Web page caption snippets
- - - - -

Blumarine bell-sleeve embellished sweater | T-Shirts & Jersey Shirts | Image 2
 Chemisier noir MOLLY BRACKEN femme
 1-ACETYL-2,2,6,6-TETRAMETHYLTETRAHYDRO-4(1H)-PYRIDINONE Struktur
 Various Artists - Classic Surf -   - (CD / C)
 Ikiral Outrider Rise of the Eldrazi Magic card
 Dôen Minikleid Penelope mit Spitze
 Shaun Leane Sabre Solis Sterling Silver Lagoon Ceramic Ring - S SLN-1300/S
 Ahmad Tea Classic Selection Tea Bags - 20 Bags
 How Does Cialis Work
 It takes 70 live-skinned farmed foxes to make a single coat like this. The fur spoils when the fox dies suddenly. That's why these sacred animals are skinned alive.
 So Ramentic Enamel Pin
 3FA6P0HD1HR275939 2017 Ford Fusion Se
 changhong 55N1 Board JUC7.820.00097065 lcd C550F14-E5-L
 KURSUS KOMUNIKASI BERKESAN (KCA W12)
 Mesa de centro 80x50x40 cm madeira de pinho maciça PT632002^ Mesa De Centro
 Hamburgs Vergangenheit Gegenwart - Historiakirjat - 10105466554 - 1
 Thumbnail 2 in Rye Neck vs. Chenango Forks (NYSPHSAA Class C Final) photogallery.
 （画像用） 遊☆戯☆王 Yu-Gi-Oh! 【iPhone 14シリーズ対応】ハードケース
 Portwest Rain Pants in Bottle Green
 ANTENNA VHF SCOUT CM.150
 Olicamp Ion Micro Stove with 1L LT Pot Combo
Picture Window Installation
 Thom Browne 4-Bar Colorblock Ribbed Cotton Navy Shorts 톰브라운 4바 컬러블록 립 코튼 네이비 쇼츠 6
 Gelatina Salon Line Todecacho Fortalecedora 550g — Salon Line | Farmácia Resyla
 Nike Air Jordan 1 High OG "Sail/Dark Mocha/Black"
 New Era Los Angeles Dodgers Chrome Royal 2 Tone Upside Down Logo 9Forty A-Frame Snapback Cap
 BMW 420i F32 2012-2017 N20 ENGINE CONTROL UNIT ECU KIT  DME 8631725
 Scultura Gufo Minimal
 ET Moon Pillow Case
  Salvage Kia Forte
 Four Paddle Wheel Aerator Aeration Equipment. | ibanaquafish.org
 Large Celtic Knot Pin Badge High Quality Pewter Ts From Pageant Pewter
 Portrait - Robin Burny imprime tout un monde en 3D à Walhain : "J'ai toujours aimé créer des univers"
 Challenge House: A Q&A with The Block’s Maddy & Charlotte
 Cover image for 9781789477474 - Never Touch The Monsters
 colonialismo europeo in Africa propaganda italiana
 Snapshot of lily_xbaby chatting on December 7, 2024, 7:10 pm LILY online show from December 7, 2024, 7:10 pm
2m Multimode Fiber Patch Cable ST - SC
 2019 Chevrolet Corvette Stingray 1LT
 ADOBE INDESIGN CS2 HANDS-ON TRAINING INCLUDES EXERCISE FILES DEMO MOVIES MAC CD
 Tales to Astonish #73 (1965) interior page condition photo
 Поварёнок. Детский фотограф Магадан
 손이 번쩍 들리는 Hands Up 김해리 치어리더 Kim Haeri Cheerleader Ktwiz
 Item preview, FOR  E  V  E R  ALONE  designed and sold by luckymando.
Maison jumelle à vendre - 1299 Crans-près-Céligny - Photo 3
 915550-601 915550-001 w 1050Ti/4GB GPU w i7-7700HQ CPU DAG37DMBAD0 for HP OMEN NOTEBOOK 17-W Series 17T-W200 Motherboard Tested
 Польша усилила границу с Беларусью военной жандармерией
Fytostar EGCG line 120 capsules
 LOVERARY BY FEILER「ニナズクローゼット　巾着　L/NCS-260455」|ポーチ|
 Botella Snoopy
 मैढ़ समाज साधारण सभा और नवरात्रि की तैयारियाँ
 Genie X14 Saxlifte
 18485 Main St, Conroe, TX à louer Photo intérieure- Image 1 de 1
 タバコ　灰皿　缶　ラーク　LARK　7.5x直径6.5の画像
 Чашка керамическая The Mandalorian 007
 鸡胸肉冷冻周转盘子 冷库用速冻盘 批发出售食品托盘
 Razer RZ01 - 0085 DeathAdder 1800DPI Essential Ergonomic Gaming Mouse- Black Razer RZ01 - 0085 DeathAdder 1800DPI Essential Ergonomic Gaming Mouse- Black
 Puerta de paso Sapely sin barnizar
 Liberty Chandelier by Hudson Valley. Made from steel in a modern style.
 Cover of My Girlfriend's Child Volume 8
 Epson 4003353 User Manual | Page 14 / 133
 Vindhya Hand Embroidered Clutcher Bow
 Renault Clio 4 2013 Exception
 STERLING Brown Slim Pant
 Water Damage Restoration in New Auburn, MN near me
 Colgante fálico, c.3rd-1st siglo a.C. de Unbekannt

- - - - -

→ What to do: Lines to set down from above: the line with "손이 번쩍 들리는 Hands", the line with "Чашка керамическая The Mandalorian 007", and every line between, each exactly as written.

→ Task answer:
 손이 번쩍 들리는 Hands Up 김해리 치어리더 Kim Haeri Cheerleader Ktwiz
 Item preview, FOR  E  V  E R  ALONE  designed and sold by luckymando.
Maison jumelle à vendre - 1299 Crans-près-Céligny - Photo 3
 915550-601 915550-001 w 1050Ti/4GB GPU w i7-7700HQ CPU DAG37DMBAD0 for HP OMEN NOTEBOOK 17-W Series 17T-W200 Motherboard Tested
 Польша усилила границу с Беларусью военной жандармерией
Fytostar EGCG line 120 capsules
 LOVERARY BY FEILER「ニナズクローゼット　巾着　L/NCS-260455」|ポーチ|
 Botella Snoopy
 मैढ़ समाज साधारण सभा और नवरात्रि की तैयारियाँ
 Genie X14 Saxlifte
 18485 Main St, Conroe, TX à louer Photo intérieure- Image 1 de 1
 タバコ　灰皿　缶　ラーク　LARK　7.5x直径6.5の画像
 Чашка керамическая The Mandalorian 007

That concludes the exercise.